There’s no doubt the return of Josh Windass – and a fully primed Ihiekwe – would be a monumental boost.
Stonewall the defence
“It's concentration for me. It's not happened all season, our first time contacts have been good, but it's the lapses in concentration.
“To find that answer right now, we'd all be a genius with it. Only at the time, in the arena, can the individuals tell you what is happening at that time from their viewpoint. That's not been us. We felt we'd addressed those first time contacts with the personnel this season.”
Those were the words of Moore after a 3-2 defeat at Burton Albion. Individual errors in defence again contributed to concessions in wins over Bristol Rovers and against Exeter City since.
And the Owls boss is right. The defence that not long ago was the best in the division has allowed sloppiness to creep in. How does a squad go about cutting those out?
They must find a way. As Wednesday found out to their detriment last season, play-offs are more often than not tight, cagey clashes that can be decided on defensive errors.
A match-fit Ihiekwe can help, you’d think. It’s long overdue they tighten-up.
Inject confidence – and get their swagger back
These next two matches are worth so much more than a training exercise for those coming back from injury. With third place in their grip and midweek outings in the rearview mirror, Moore can utilise the full breadth of his available squad to ensure his players have adequate recuperation time to come hard at the play-offs.
For an outfit that has laboured through a wham-bang fixture schedule in recent weeks, an eight-day gap between semi-finals is an advantage, you’d think, over the four-day whirlwind of last season.
But most important is that they win the two remaining league games and re-discover their swagger in performance. While top teams were rarely blown to pieces in that long unbeaten run, there was a chest-out know-how to Wednesday and the way they went about things that has leaked from their body language in more recent times.
The Owls must use the ball better. There’s little doubt the absence of Windass has had them going more direct and questions have been asked of that way of thinking, but Moore has himself expressed frustration at an over-eagerness in possession.

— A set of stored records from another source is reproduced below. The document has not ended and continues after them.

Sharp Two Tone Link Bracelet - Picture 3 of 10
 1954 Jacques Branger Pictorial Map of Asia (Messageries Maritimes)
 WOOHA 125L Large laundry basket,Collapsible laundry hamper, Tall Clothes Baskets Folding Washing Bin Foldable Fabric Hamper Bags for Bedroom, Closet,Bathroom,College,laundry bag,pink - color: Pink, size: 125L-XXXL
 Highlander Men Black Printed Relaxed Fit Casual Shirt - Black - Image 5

More quality and more surety is required and can be built in the coming fortnight.
Lift the mood
Sheffield Wednesday’s greatest asset – by some distance – is its fanbase. And on occasions such as the play-offs, there are few you’d rather have behind your players. Hillsborough is something special when it’s bustling and bouncing.
The pain and disappointment of missing out on automatic promotion is not a last day affair and though the feeling is that raw, positive performances and most important of all two wins can inject even more life into the club and transform frustration into excitement heading into four – and maybe five – crucial matches.
The fans will do their bit. It’s up to Moore, his staff and his players to do theirs.